Concretely, consider state \(\sum_v \gamma_v \varphi_v \ket{v}_\texttt{x}\)
where $\varphi_v$ captures the (possibly entangled) remainder of the state.
Then, running y := f(x) on this state, where f is qfree, yields \(\sum_v
\gamma_v \varphi_v \otimes \ket{v}_\texttt{x} \otimes \ket{f(v)}_\texttt{y}\).
The resulting state preserves the original summand expressions and augments them
with an additional value $\ket{f(v)}_\texttt{y}$.
Function parameters not annotated as const are not accessible after calling
the function, that is, the function consumes them. For example, groverDiff
consumes its argument (see top-right box in the above
code). Hence, the call in Line 8 consumes cand,
transforms it, and writes the result into a new variable with the same name
cand. Similarly, measure in Line 10 consumes cand by measuring it.
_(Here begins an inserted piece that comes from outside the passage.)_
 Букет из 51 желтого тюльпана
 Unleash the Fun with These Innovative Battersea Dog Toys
The state of the system after Line 1 is $\psi_1$, where $f$ and $n$ denote the
value of the variables. Next, Line 2 initializes variable nIterations,
yielding state $\psi_2$.
Superpositions
Lines 3-4 result in state $\psi_4$, where cand holds the equal superposition
of all n-bit integers in \(\{-2^{n-1},...,2^{n-1}-1\}\). To this end, Line 4
updates the i-th bit of cand by applying the Hadamard transform H to it.
Loops
The loop in Line 6 runs nIterations times, which is only possible as the
latter is classical. Each loop iteration increases the coefficient of
$\ket{w^\star}$, thus increasing the probability of measuring $w^\star$ in the
end (Line 10). We now discuss the first loop iteration ($k=0$). It starts from
state $\psi_{6,0}$ which introduces variable k. For convenience, it also
splits the superposition into $w^\star$ and all other values.
Conditionals
Line 7 runs phase(π) if f(cand) returns true. As phase(π) flips the sign
of coefficients, Line 7 changes the coefficient of $\ket{w^\star}$ from
$\frac{1}{\sqrt{2^n}}$ to $-\frac{1}{\sqrt{2^n}}$.
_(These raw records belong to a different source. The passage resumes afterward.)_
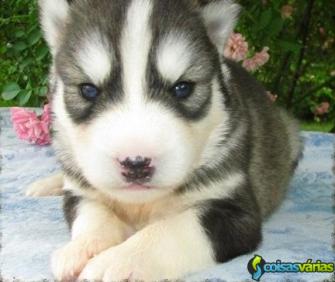 Belos olhos cinza e branco azul cachorro husky siberiano para venda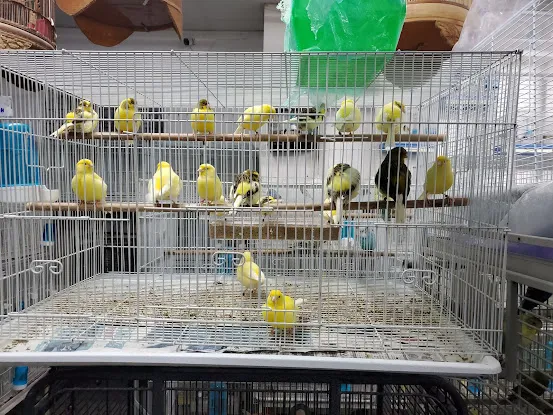 Royal Birds & Supplies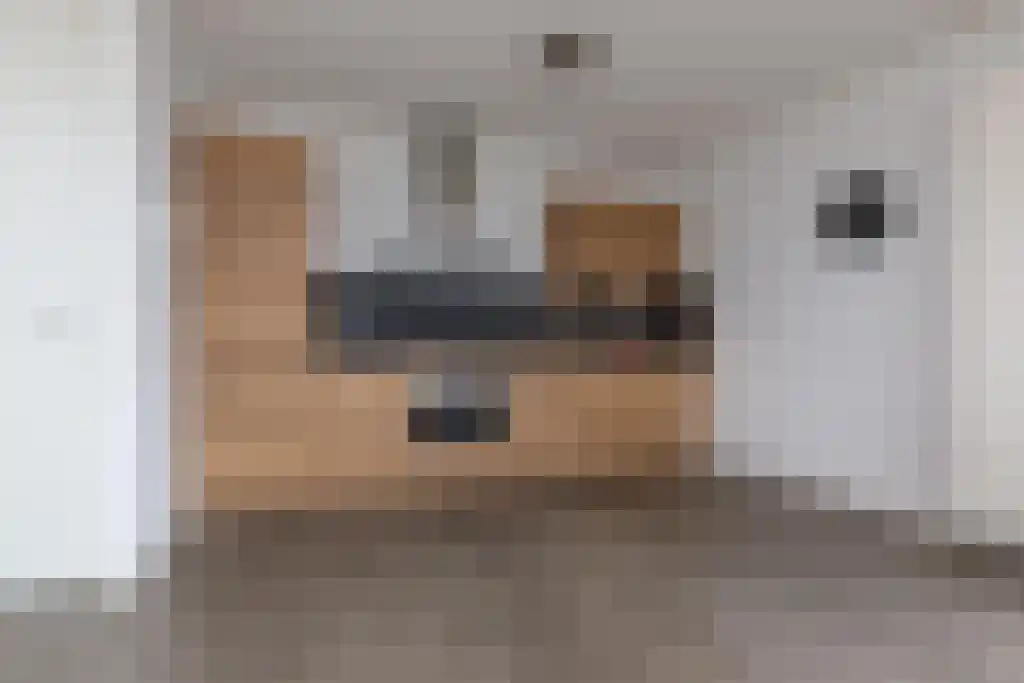 Zijdevlinder 70 Nijkerk thumbnail 13
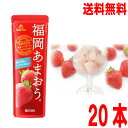 【2025年シーズン出荷】【本州送料無料】ゴールドパック NIPPONフルーツバー 福岡あまおう 80gパウチ 20入りいちご凍らせてシャーベットとして北海道・...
In the circuit shown previously, we physically realize this by
(i) evaluating f(cand) using $U_f$, (ii) applying phase(π) using a $Z$ gate,
and (iii) uncomputing f(cand) using $U_f^\dagger$. Uncomputing f(cand) is
critical, as we will discuss shortly.
Grover’s Diffusion Operator
Completing the explanations of our example, Line 8 applies Grover’s diffusion
operator to cand. groverDiff increases the coefficient of solution
$w^\star$, obtaining \(\norm{\gamma_{w^\star}^+}>\norm{\frac{1}{\sqrt{2^n}}}\)
and decreases the coefficient of non-solutions $v \neq w^\star$, obtaining
\(\norm{\gamma_v^-}<\norm{\frac{1}{\sqrt{2^n}}}\). After one loop iteration,
this results in state $\psi_{8,0}$. Repeated iterations of the loop, Lines 6-9,
further increase the coefficient of $w^\star$, until it is approximately $1$.
Thus, measuring cand in Line 10 returns $w^\star$ with high probability.